◆ REQUIRED WORK:
Retype, word for word, every line of the records below starting at the one that contains "Chic Junior Bridesmaid" and ending at the one that contains "60Pcs 5 Styles"; include both of those lines and nothing more.

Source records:
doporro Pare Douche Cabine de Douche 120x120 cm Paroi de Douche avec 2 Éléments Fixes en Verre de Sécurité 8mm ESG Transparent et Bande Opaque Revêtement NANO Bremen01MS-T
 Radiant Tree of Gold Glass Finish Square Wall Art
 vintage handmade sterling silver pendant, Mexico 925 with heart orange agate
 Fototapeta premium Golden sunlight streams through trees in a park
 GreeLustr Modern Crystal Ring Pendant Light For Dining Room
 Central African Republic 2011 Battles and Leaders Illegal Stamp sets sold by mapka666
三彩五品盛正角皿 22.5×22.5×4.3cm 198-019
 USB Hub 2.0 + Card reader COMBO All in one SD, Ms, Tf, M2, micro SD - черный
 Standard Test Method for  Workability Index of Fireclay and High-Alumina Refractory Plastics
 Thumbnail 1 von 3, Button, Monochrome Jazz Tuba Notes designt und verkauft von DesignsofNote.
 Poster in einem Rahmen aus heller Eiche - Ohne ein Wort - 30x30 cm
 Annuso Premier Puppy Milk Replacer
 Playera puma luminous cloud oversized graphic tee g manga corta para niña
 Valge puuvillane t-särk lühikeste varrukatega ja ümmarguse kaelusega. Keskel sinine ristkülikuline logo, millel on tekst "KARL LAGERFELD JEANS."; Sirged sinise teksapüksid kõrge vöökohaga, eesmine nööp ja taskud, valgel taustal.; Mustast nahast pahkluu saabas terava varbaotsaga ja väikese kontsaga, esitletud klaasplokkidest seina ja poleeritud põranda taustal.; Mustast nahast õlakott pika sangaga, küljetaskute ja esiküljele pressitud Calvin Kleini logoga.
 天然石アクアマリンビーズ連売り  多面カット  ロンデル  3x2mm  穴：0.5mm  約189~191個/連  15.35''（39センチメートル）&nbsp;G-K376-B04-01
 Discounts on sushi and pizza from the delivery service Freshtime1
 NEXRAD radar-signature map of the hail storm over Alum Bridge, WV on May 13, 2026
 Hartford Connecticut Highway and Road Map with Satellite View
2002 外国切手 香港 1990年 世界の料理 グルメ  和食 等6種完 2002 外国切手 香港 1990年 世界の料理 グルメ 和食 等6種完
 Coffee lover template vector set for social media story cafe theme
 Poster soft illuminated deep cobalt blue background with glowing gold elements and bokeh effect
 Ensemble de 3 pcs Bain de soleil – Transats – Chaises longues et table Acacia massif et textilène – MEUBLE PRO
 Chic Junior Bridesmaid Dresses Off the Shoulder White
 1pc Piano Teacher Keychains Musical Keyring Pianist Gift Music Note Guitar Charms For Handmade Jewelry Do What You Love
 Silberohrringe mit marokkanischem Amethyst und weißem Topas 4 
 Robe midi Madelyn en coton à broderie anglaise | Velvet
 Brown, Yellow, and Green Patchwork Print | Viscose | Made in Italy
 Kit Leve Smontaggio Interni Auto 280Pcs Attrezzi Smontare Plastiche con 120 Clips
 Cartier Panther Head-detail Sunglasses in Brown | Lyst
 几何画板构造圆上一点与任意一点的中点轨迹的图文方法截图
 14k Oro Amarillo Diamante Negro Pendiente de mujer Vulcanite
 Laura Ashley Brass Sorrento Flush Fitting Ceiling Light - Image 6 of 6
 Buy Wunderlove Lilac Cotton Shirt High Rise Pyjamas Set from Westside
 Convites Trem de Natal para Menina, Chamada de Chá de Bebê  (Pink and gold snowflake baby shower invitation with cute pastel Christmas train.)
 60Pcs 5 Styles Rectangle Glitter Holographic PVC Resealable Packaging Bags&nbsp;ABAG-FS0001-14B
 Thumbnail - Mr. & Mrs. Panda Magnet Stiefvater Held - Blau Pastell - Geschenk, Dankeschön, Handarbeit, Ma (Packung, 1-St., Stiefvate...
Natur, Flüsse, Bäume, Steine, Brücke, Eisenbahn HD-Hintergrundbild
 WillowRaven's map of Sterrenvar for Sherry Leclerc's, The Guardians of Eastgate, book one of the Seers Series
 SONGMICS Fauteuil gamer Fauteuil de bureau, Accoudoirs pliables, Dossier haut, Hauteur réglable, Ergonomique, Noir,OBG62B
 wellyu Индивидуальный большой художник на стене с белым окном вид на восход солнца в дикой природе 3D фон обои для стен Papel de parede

◆ REPLY TO THE TASK:
 Chic Junior Bridesmaid Dresses Off the Shoulder White
 1pc Piano Teacher Keychains Musical Keyring Pianist Gift Music Note Guitar Charms For Handmade Jewelry Do What You Love
 Silberohrringe mit marokkanischem Amethyst und weißem Topas 4 
 Robe midi Madelyn en coton à broderie anglaise | Velvet
 Brown, Yellow, and Green Patchwork Print | Viscose | Made in Italy
 Kit Leve Smontaggio Interni Auto 280Pcs Attrezzi Smontare Plastiche con 120 Clips
 Cartier Panther Head-detail Sunglasses in Brown | Lyst
 几何画板构造圆上一点与任意一点的中点轨迹的图文方法截图
 14k Oro Amarillo Diamante Negro Pendiente de mujer Vulcanite
 Laura Ashley Brass Sorrento Flush Fitting Ceiling Light - Image 6 of 6
 Buy Wunderlove Lilac Cotton Shirt High Rise Pyjamas Set from Westside
 Convites Trem de Natal para Menina, Chamada de Chá de Bebê  (Pink and gold snowflake baby shower invitation with cute pastel Christmas train.)
 60Pcs 5 Styles Rectangle Glitter Holographic PVC Resealable Packaging Bags&nbsp;ABAG-FS0001-14B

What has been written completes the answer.